▶ _Your assignment_
Can you quote, word for word, every line from the first line of the records below through the line containing "3019 26th St NW, Canton, OH 44708 photo 16", and nothing else?

::: The input

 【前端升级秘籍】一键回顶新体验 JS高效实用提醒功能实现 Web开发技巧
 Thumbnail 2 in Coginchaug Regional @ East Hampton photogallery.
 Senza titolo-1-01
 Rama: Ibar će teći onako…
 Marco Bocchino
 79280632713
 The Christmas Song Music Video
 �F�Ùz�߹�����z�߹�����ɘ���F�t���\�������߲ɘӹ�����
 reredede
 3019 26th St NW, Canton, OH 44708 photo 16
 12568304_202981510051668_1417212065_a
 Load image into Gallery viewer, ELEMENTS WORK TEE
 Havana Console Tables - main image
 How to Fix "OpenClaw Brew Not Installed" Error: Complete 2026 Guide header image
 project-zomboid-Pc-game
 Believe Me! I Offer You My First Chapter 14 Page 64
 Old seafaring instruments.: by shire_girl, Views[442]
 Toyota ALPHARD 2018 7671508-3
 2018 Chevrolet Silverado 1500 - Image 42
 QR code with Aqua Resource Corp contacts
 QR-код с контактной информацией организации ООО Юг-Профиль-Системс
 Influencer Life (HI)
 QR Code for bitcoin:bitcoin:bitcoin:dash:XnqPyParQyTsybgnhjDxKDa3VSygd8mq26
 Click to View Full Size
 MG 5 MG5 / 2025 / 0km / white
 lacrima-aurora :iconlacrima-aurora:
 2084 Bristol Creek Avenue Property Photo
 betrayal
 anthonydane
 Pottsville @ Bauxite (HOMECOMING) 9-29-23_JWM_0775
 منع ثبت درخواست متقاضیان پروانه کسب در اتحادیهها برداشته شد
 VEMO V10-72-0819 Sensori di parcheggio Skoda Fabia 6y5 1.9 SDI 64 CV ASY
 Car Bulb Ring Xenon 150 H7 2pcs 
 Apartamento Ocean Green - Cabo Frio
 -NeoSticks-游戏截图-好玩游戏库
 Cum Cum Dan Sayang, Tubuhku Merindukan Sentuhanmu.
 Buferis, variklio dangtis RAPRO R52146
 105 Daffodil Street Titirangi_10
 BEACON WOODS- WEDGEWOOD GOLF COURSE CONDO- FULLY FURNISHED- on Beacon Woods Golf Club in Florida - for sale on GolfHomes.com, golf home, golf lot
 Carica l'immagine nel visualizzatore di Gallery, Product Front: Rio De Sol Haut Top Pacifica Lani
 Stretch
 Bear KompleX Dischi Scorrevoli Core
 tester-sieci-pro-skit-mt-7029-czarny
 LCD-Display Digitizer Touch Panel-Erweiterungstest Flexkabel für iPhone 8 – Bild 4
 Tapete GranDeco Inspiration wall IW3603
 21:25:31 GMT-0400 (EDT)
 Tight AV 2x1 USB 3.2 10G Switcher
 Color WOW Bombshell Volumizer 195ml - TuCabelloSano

::::::

▶ _Reply to the task_
 【前端升级秘籍】一键回顶新体验 JS高效实用提醒功能实现 Web开发技巧
 Thumbnail 2 in Coginchaug Regional @ East Hampton photogallery.
 Senza titolo-1-01
 Rama: Ibar će teći onako…
 Marco Bocchino
 79280632713
 The Christmas Song Music Video
 �F�Ùz�߹�����z�߹�����ɘ���F�t���\�������߲ɘӹ�����
 reredede
 3019 26th St NW, Canton, OH 44708 photo 16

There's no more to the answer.